Bangalore: While the success of India’s recent flight-test of the Hypersonic Technology Demonstrator Vehicle (HSTDV) using the indigenously developed scramjet propulsion system is being hailed as a major technological breakthrough, scientists who are a part of the mission say that there are several challenging milestones that will be achieved in the days ahead.
In this final part of the series ‘HSTDV Story’, we look at some of the coming stages for this mission, the future of hypersonic research and the roles of academic institutions in providing support for the mission so far.
Missile scientists say that the immediate stage will be to launch HSTDV without upper stage fairings, exposing the cruise vehicle (CV) to the atmosphere.
DRDO scientists are now working on a new rocket motor that will reduce aerodynamic forces and lower kinetic heating. This will enable the CV to withstand the thermal and structural loads during launch.
“We are aiming to achieve this, and it will be another milestone for DRDO and the nation,” said a scientist who is in the HSTDV mission. As things stand now, India is poised to test an indigenously developed hypersonic missile by the end of 2024.

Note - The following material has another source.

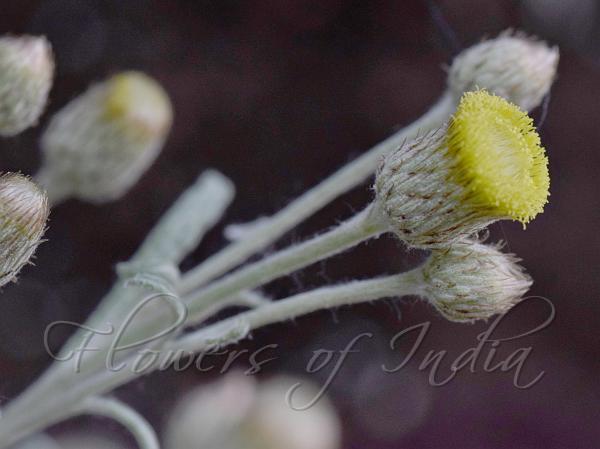 Snow-White Cudweed
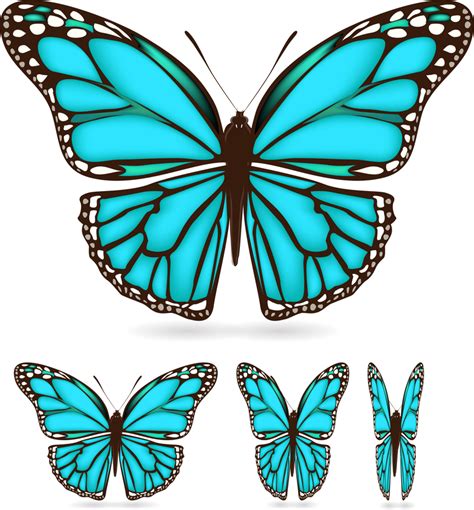 Beautiful Butterfly 03 Vector Vector Download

A hypersonic mission is a different ball game altogether as it is an air-breathing system which operates at very high velocity, which is over five times the speed of sound. Normally in jet engines and other piston engines, combustion takes place at low subsonic speeds, giving sufficient time for the fuel and air to mix, ignite, evaporate and combust. The scramjet engine doesn’t have more than 1.0–1.5 milliseconds for the fuel to mix with air and ultimately produce thrust.
“There are several intake non-start incidents worldwide in hypersonic missions as intake functions at a very specific window of flight conditions. HSTDV has done it at the very first attempt and crowned our indigenous efforts,” said the scientist.
A scientist, who has been a part of the HSTDV mission for the past several years said that there are several areas of futuristic hypersonic research that must be taken up by young scientists.
“The world of hypersonics is extremely fascinating, and there are several challenging areas that youngsters must dive into to make India self-reliant,” the scientist said.
Among the key areas offering challenges in the research space are: the effect of shockwave boundary layer interaction on the hypersonic regime, experimental studies on scramjet intake with wide range of entry Mach numbers, endothermic fuel development, ignition delay prediction, active cooling designs for scramjet engine, non-intrusive sensors, multi-disciplinary optimization techniques and material technologies.
Over the years, DRDO has made several modifications to the existing facilities to undertake work linked to the HSTDV mission.
“A few hypersonic test facilities like hypersonic wind tunnel and shock tunnel are available in India. Academic institutions (IIT Madras, IISc Bengaluru) and DRDL Hyderabad have wind tunnels and shock tunnels for R&D. HSTDV cruise vehicle and launch vehicle testing were carried out at these institutions,” said a scientist.
DRDO has recently developed a hypersonic wind tunnel facility in Hyderabad which will be used for future hypersonic missions.
The Rail Track Rocket Sled facility at Terminal Ballistics Research Laboratory (TBRL) Chandigarh has helped in demonstrating the panel separation at dynamic conditions.
“The scramjet connect pipe test facility provided the opportunity to carry out ground tests of the scramjet combustor. Thermo-structural facilities were upgraded to carry out thermo-structural test of sections,” the scientist added.
Role of Academic Institutions
The HSTDV mission involves almost every branch of engineering as it requires fundamental studies of different fields of science — physics, chemistry and mathematics. Subsequently it needs different technologies to convert fundamental studies into applied research and make it into the product.
“A very complex mission that needs engineers from aerospace, mechanical, computer science, electronics, communication, electrical and material science streams. In addition, we also had huge support from thermal, propulsion and structural engineering wings,” the scientist added.
Several academic institutions played a part in paving the way for the successful HSTDV mission. The Aerospace Department of IISc Bengaluru did the panel separation and scramjet related studies, IIT Bombay did the heat transfer and computational studies for the HSTDV fore body, IIT Madras undertook propulsion studies and shock tunnel experiments, IIT Kharagpur did the risk assessment studies and National Aerospace Laboratories (NAL) Bangalore did the upper stage carbon epoxy nose cone design and development.
The HSTDV team also fondly remembers the role played by Missile Man Dr A P J Abdul Kalam, who inspired several missile scientists to take up next-gen technologies within India.
“During a conference at Hyderabad in 2007, Dr Kalam had said that by 2020 India’s technological capabilities will overpower the world. His words became true and we had the successful flight of HSTDV in September 2020,” recalled a scientist.
In short, the HSTDV is a successful mission so far, though there are several boxes to be ticked ahead of the actual hypersonic missile’s flight in 2024.
Scientists are of the opinion that the recent success of the HSTDV mission is a big milestone in India’s quest to develop a homegrown hypersonic missile.
They say the future wars will be dictated by hypersonic missiles. And, the project is slowly and steadily moving into a full-fledged hypersonic cruise missile flagship program.